Many experienced hill walkers will inform you (and any one else who’ll listen) that “Trig Points” are always sited at the highest point on a hill. This is not true.
Triangulation Pillars are positioned so that they can be seen from other “Trig Points” (normally the highest point but not always, as an example the Ben Nevis Trig Point is not at the highest point on the mountain), the angle between them can be used to form a part of a triangle, or other geometric shape. This shape in turn is used by map makers and others to enable them to work out their exact location. The graphics below show the summit Triangulation Points on each of the Four Peaks.
Ben Nevis, highest mountain in Scotland (& Britain) 1,344m (4,408ft)
The route that we have chosen (there are many) is to follow the footpath up from the bridge by the Achintee car park, towards John’s Wall Corner, then over the 8 zig zags to the summit. We will return down the same path. The average time spent on Ben Nevis is 7 hours.
Scafell Pike, highest mountain in England 978m (3,209ft)

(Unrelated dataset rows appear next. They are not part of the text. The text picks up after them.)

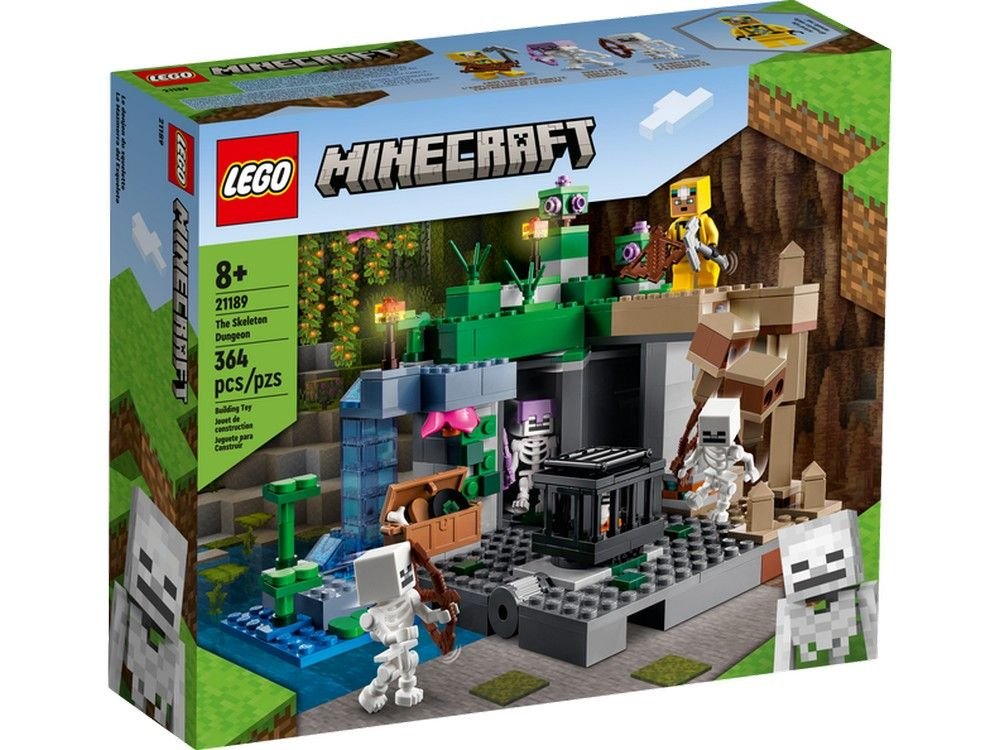 The Skeleton Dungeon LEGO Minecraft 21189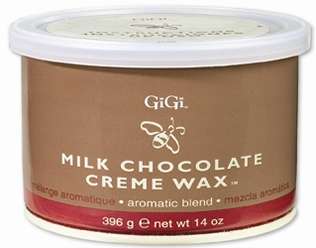 GIGI MILK CHOCOLATE CREME WAX 14 OZ. HAIR REMOVAL WAXES  
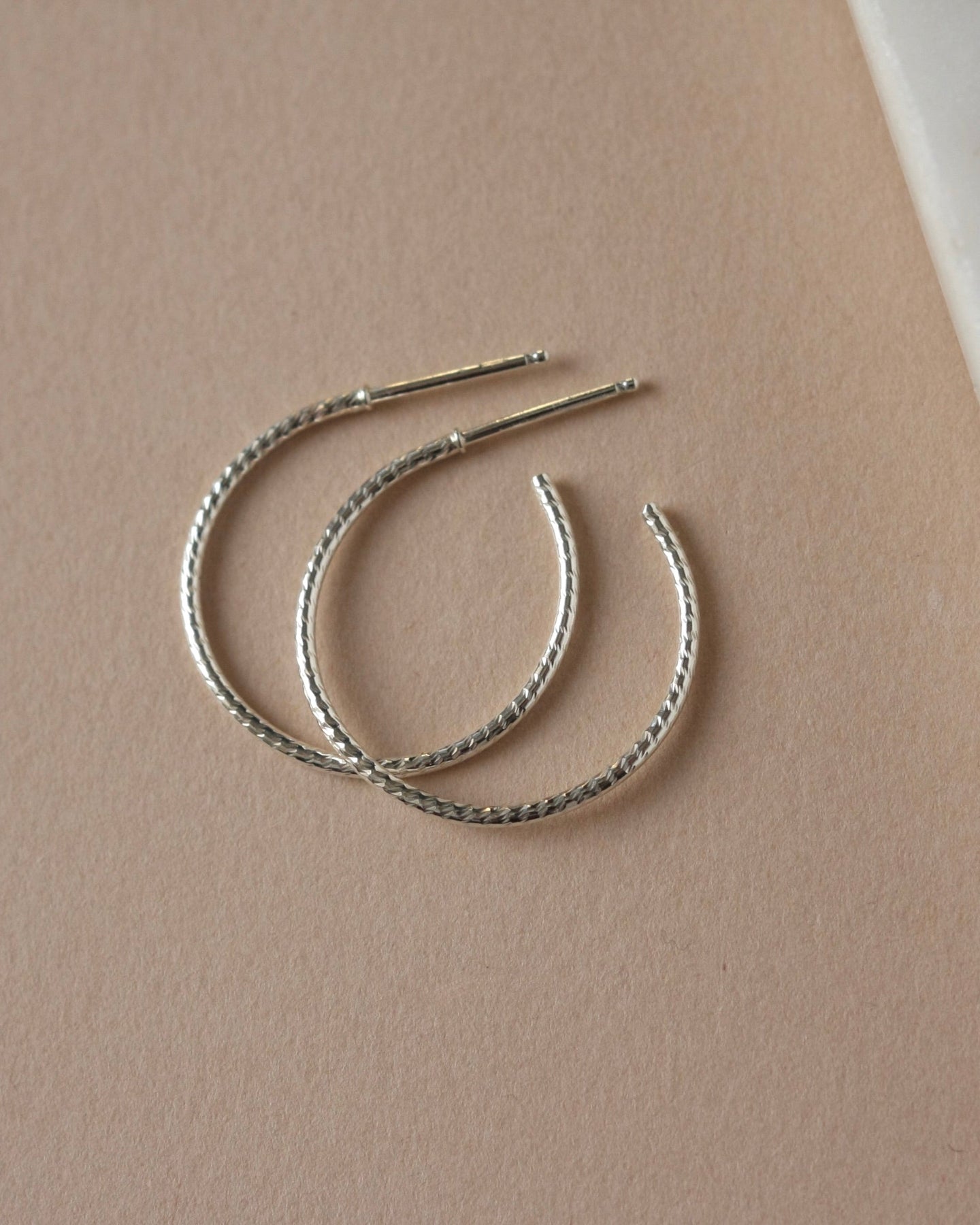 Thin Sterling Silver Hoops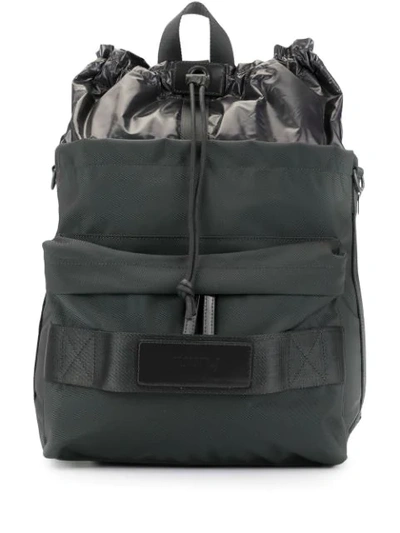 Shop Juunj Drawstring Backpack In Black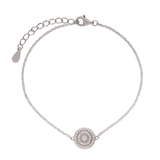 Pulseras Delicadas, Plata 925 bañada en rodio, Zirconia cúbica artificial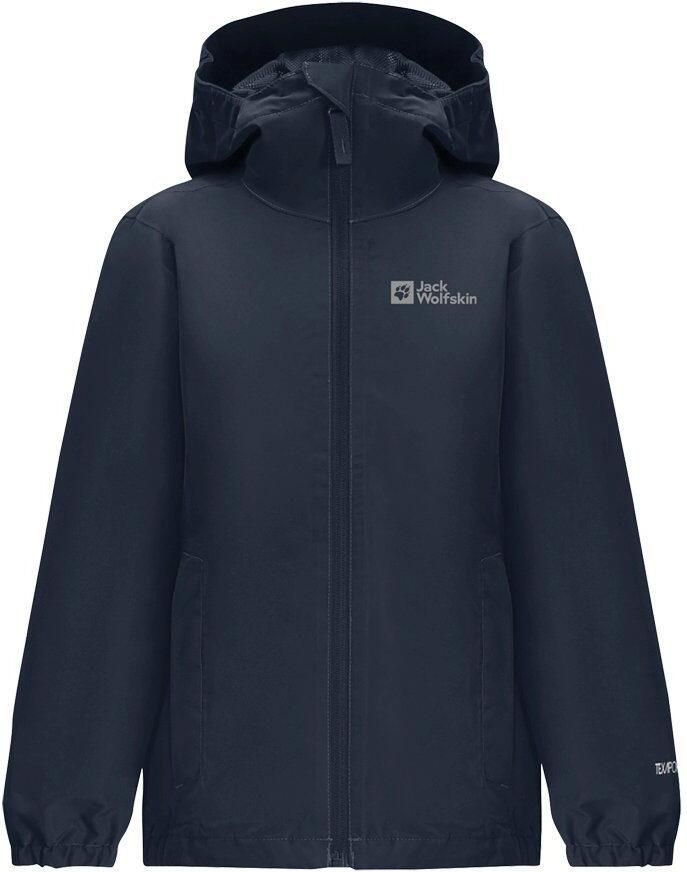 Jack Wolfskin Flaze Jacket Kids Regenjack Kinderen 104 blue night blue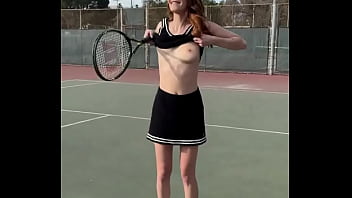 I play tennis better with my boobs out ️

The walk up Scafell Pike starts in the hamlet of Seatoller and follows the stream (Grains Gill) over Stockley Bridge, then up to the Great End massif. We follow the track up and through Calf Cove and then along the ridge to Scafell Pike. We return down the same track. The average time walking on this mountain is 7 hours.
Snowdon, highest mountain in Wales 1,085m (3,560ft)
We will be taking the Llanberris footpath up past The Halfway House and the Monolith to the summit. We will return down the same path. Over the last few years the average time each walker has spent on Snowdon is 5 hours.
Slieve Donard, highest mountain in Northern Ireland 850m (2,788ft)
(4 Peaks Challenge only)
The event starts from the Bloody Bridge car park. (By the toilet block) From here we follow the path up to the ford and then upwards along the track past the old quarry. At the Morne Wall we turn right and simply follow the Wall to the summit. We return via the same route.